FS argued that this was a “flawed transaction” case because there was a chance (albeit small) that a valid agreement could have been reached in 1997. Actual damage was suffered when the 1st March agreement was entered into in 1997 because it was vulnerable from the outset to being set aside. Mrs Osborne had suffered actual loss in relying on the agreement being valid, to her detriment including incurring expenditure she had assumed was valid as a result of the 1st March Agreement
The Court's decision
HHJ Matthews resolved the preliminary issue in favour of FS and dismissed Mrs Osborne’s claim. He found that damage, for the purposes of the accrual of the cause of action in tort, occurred when the 1st March agreement was entered into in 1997. He agreed with FS that this was a flawed transaction case, and found that there was a measurable loss from the time the 1st March agreement was entered into, not when Mrs Benakovic changed her mind about the agreement in 2005. He applied the three checks suggested in Maharaja including a test of what a third party with full knowledge of the circumstances would have paid for the assignment of the benefit of the agreement after it was entered into and concluded that it would have been much less than the value of the assets in the estate to cover the risk of a claim by Mrs Benakovic. He also found that Mrs Osborne plainly suffered loss when she expended money in reliance on the 1st March agreement.
Considerations for lawyers and insurers
As a side note, this case highlights three important risk management issues for solicitors. The first is to ensure that the correct procedure is followed when a testator's signature is attested. The second is that, when asked to advise on a bilateral transaction such as this, the client is advised of the need for the other party to obtain independent legal advice particularly where the client is a fiduciary such as an executor or trustee. These simple steps will help prevent challenges to the validity of the documents later on. The third is to identify and preserve any client's ability to seek a remedy as soon as possible by identifying any limitation difficulty and entering into a standstill agreement with all relevant entities promptly if possible.
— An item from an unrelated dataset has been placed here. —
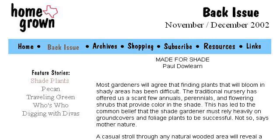You can also try www.homegrowntexas.com, especially the page Shade Plants, Homegrown Texas. This is the link.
For defendant professionals and their insurers, the decision is a welcome one in terms of when damage for the purposes of the accrual of a cause of action arises. However, it also highlights the complexity of limitation and the importance of careful application of the facts in any case where limitation may apply.
This information is intended as a general discussion surrounding the topics covered and is for guidance purposes only. It does not constitute legal advice and should not be regarded as a substitute for taking legal advice. DWF is not responsible for any activity undertaken based on this information.